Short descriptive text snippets

....

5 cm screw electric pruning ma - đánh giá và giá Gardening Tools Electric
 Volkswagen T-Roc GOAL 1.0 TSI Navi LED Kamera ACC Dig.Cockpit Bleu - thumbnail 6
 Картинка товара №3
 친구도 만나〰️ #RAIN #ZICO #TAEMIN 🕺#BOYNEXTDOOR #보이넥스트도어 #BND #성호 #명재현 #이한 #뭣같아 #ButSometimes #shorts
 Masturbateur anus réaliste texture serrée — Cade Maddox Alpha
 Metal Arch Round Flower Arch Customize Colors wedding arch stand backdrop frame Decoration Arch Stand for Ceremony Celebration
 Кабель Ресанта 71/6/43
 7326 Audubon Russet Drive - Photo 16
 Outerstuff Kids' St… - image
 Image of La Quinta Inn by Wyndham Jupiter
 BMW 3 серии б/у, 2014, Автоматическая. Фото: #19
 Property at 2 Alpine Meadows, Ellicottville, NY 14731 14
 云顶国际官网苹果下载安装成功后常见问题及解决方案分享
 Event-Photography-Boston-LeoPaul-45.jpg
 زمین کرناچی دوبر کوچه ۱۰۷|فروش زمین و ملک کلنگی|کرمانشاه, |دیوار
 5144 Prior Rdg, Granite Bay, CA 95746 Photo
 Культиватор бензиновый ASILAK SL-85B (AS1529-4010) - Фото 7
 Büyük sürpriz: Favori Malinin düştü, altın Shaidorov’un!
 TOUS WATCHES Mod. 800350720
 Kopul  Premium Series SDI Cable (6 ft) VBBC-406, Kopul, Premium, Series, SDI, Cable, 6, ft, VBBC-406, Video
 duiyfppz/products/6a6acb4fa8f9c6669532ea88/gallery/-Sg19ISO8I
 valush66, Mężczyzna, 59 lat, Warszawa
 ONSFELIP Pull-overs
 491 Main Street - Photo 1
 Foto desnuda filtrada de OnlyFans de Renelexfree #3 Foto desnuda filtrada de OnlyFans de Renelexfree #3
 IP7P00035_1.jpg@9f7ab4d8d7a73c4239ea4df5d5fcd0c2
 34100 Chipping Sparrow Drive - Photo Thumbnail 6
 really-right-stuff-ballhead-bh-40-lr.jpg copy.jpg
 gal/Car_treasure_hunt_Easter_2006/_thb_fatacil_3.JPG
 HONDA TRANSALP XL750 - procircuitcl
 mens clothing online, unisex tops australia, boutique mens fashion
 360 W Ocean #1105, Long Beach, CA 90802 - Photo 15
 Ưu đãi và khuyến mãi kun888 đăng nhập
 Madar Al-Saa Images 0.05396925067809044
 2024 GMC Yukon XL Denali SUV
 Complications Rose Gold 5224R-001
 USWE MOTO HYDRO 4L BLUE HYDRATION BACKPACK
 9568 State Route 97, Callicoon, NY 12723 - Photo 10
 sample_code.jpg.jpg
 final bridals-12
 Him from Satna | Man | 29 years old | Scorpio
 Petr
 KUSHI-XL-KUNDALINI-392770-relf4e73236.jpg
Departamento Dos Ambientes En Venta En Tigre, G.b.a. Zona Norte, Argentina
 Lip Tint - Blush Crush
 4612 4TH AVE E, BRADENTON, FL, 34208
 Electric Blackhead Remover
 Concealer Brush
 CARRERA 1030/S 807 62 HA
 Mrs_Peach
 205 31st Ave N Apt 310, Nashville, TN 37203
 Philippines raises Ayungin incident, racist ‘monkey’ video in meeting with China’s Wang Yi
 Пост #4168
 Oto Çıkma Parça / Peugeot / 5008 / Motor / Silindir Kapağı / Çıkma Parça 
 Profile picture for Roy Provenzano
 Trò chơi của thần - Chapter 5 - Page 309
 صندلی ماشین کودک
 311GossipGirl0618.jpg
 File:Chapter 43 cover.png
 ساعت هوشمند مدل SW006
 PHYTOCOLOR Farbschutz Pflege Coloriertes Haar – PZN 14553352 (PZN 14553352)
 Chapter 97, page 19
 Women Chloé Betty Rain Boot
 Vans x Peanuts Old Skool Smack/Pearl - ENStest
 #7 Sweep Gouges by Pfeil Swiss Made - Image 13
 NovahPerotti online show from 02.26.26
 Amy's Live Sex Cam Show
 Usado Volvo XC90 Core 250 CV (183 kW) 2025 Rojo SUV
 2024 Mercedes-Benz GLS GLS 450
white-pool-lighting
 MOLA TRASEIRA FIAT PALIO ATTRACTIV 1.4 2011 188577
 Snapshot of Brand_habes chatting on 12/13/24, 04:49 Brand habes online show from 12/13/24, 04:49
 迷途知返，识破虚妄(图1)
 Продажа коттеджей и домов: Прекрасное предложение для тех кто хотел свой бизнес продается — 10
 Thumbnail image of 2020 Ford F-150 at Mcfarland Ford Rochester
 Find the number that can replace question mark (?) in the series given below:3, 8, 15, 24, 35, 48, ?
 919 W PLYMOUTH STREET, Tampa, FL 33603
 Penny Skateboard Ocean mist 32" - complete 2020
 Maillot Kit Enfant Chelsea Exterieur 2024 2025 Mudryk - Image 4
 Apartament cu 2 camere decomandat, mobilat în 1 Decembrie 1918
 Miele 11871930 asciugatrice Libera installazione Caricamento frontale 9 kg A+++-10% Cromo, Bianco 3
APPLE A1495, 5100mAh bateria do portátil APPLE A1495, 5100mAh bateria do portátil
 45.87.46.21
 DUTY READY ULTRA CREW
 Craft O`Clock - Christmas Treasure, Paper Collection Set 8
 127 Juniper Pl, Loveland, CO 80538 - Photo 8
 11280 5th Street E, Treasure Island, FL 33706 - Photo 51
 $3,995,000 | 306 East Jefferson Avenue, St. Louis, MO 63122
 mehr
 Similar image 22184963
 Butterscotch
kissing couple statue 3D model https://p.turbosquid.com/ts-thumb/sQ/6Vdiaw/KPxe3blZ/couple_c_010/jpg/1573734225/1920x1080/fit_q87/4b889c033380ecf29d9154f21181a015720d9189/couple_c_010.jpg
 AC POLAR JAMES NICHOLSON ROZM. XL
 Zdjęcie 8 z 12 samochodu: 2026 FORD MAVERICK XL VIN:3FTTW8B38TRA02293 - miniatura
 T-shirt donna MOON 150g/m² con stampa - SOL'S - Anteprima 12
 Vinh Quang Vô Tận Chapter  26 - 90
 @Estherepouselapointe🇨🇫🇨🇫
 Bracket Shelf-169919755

....

What the exercise asks: Among the entries above, find the line with "Amy's Live Sex Cam Show" and the line with "Thumbnail image of"; give again exactly these two lines and all lines between them.

Output below:
 Amy's Live Sex Cam Show
 Usado Volvo XC90 Core 250 CV (183 kW) 2025 Rojo SUV
 2024 Mercedes-Benz GLS GLS 450
white-pool-lighting
 MOLA TRASEIRA FIAT PALIO ATTRACTIV 1.4 2011 188577
 Snapshot of Brand_habes chatting on 12/13/24, 04:49 Brand habes online show from 12/13/24, 04:49
 迷途知返，识破虚妄(图1)
 Продажа коттеджей и домов: Прекрасное предложение для тех кто хотел свой бизнес продается — 10
 Thumbnail image of 2020 Ford F-150 at Mcfarland Ford Rochester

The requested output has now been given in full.